A recent decision by the U.S. District Court for the Northern District of California emphasizes the importance of candor in retention applications filed in bankruptcy cases. In Kun v. Mansdorf ( In re Woodcraft Studios ), 464 B.R. 1 (N.D. Cal. 2011), the court upheld a bankruptcy court’s decision denying all fees requested by a debtor’s attorney and ordering disgorgement of a $5,000 retainer where the attorney had failed to disclose his pre-petition relationship with the debtor and the circumstances surrounding his receipt and use of the retainer.

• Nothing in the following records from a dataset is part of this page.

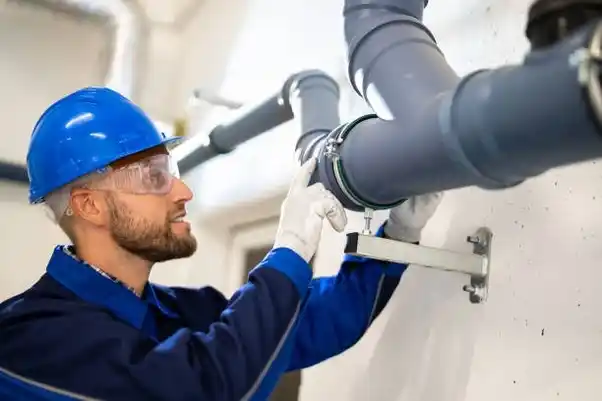 water damage restoration service Elroy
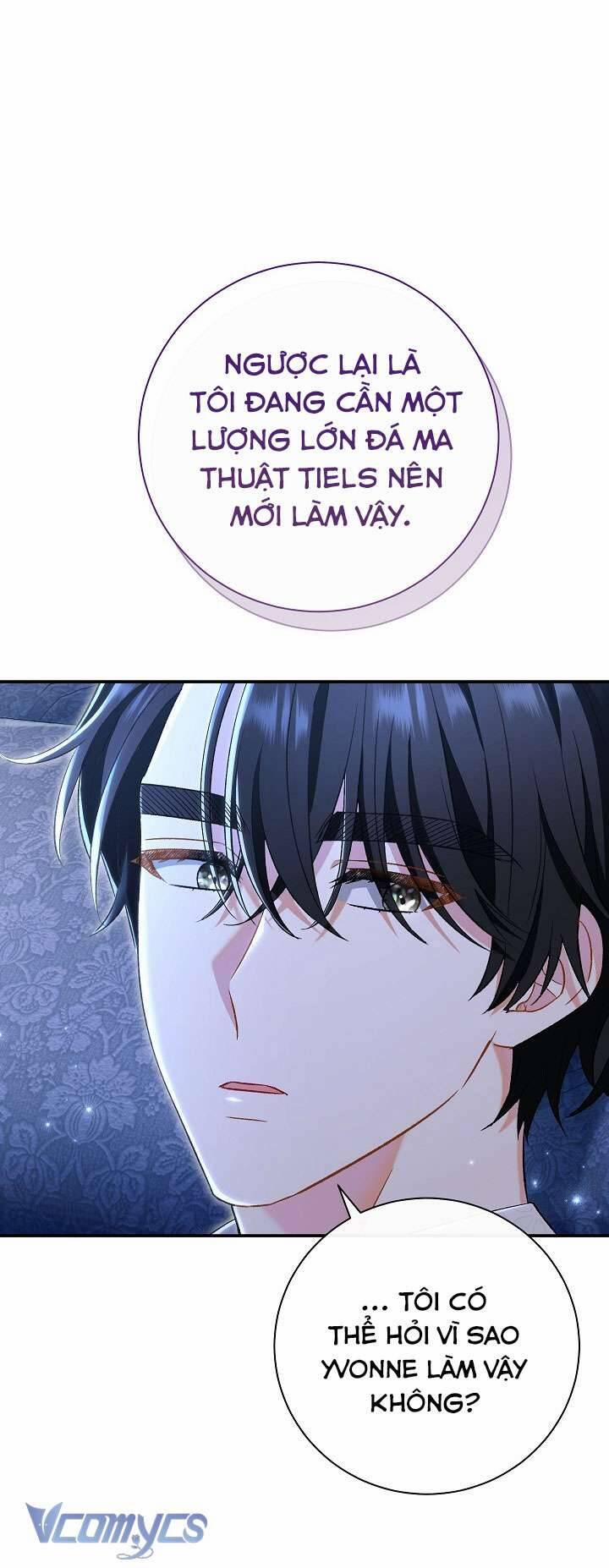 Người Xem Mắt Của Ác Nữ Quá Hoàn Hảo 22 trang 41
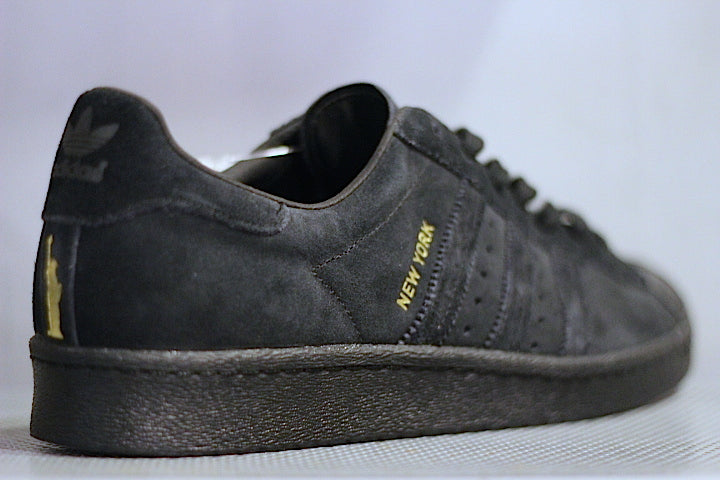 Adidas(アディダス) Superstar 80s City Series "NEW YORK" スーパースター シティーシリーズ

Woodcraft Studios Inc. filed a petition for relief under Chapter 11 of the Bankruptcy Code on Dec. 22, 2010, according to the opinion. Shortly thereafter, on Jan. 13, 2011, Woodcraft applied to the bankruptcy court for approval of its retention of attorney Albert Kun as general counsel to the debtor-in-possession. The retention application stated that Kun had “‘never represented Woodcraft Studios Inc. before,’” that Kun “‘represents no interest adverse to debtor as debtor in possession’” and that Kun had “‘no connection to any party in interest,’” according to the opinion. The affidavit accompanying the application included the contract between Kun and Woodcraft, which provided for an hourly fee of $250 and a “nonrefundable retainer” in an amount of $5,000. The contract was dated Dec. 29, 2010, seven days after the petition date. The bankruptcy court entered an order approving Kun’s retention.